Asam nukleat merupakan makromolekul biokimia yang kompleks, berbobot
molekul tinggi, dan tersusun atas rantai nukleotida yang mengandung informasi
genetik (Suharsono, 2018).
Nucleic acids are complex macromolecules consisting of nucleotide chains
that store the genetic information of living things (Alberts et al., 2015).

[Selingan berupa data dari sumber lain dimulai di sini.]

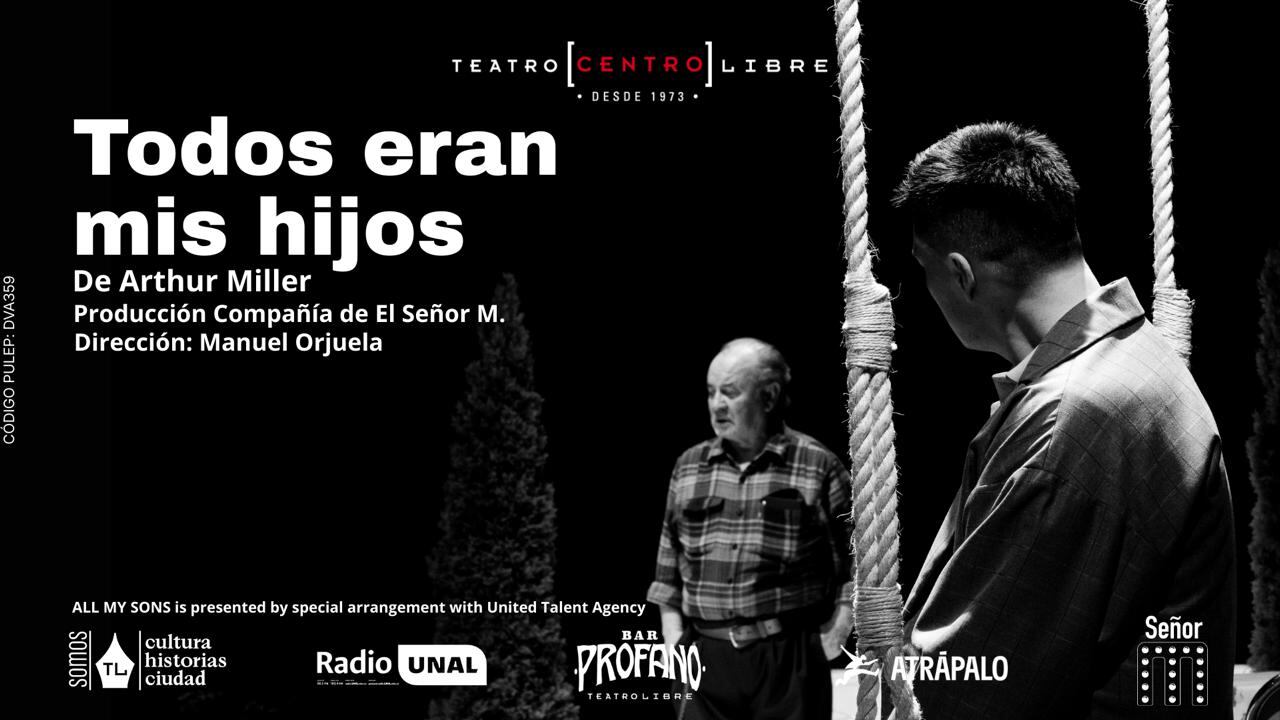 La puesta en escena de 'Todos eran mis hijos' de Arthur Miller dirigida por Manuel Orjuela, está basada en el contexto colombiano de finales del siglo XX, marcado por la violencia política y la lucha contra el narcotráfico y la corrupción. Foto: Miltón César / cortesía Teatro Libre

(Asam nukleat merupakan makromolekul kompleks yang tersusun atas rantai
nukleotida yang menyimpan informasi genetik dari suatu makhluk hidup).
2.2 Definisi Isolasi DNA
Isolasi DNA merupakan proses pengeluaran DNA dari tempatnya berada
(ekstraksi atau lisis) biasanya dilakukan homogenasi dan penambahan buffer
ekstraksi dan buffer lisis untuk pencegahan DNA rusak. Adapun pernyataan dari
Faatih (2009), yang mengungkapkan bahwa isolasi DNA/RNA merupakan langkah
awal yang harus dikerjakan dalam rekayasa genetika sebelum melangkah ke proses
selanjutnya.
DNA isolation is a primary and critical step for molecular analysis of any
plant species (Handayani et al., 2016).
(Isolasi DNA adalah langkah utama dan kritis untuk analisis molekuler dari setiap
spesies tumbuhan).
2.2 Struktur DNA beserta Fungsinya
Secara kimia DNA mengandung karakteristik/sifat di antaranya yaitu: 1)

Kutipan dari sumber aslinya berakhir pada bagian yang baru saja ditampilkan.